## [ABOUT THIS TASK]
In the data below, find the line that contains "To prevent gloves" and the line that contains "This is why". Copy both, plus every line between them, exactly.

## [GIVEN ENTRIES]
========
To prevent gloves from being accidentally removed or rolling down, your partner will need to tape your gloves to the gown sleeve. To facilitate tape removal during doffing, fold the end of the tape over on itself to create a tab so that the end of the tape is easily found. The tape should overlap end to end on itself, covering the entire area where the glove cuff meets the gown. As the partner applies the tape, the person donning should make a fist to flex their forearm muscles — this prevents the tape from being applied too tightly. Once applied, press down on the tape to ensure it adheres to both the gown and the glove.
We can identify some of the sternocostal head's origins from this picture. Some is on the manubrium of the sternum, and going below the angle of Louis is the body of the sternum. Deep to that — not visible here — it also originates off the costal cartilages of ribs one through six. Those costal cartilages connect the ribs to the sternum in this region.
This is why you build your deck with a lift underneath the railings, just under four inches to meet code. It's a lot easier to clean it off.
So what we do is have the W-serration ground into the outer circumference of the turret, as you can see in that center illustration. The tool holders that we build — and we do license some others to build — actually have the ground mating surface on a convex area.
========
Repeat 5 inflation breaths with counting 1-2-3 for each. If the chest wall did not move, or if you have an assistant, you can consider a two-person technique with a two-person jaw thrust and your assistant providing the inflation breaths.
========
## [OUTPUT FOR THIS TASK]
To prevent gloves from being accidentally removed or rolling down, your partner will need to tape your gloves to the gown sleeve. To facilitate tape removal during doffing, fold the end of the tape over on itself to create a tab so that the end of the tape is easily found. The tape should overlap end to end on itself, covering the entire area where the glove cuff meets the gown. As the partner applies the tape, the person donning should make a fist to flex their forearm muscles — this prevents the tape from being applied too tightly. Once applied, press down on the tape to ensure it adheres to both the gown and the glove.
We can identify some of the sternocostal head's origins from this picture. Some is on the manubrium of the sternum, and going below the angle of Louis is the body of the sternum. Deep to that — not visible here — it also originates off the costal cartilages of ribs one through six. Those costal cartilages connect the ribs to the sternum in this region.
This is why you build your deck with a lift underneath the railings, just under four inches to meet code. It's a lot easier to clean it off.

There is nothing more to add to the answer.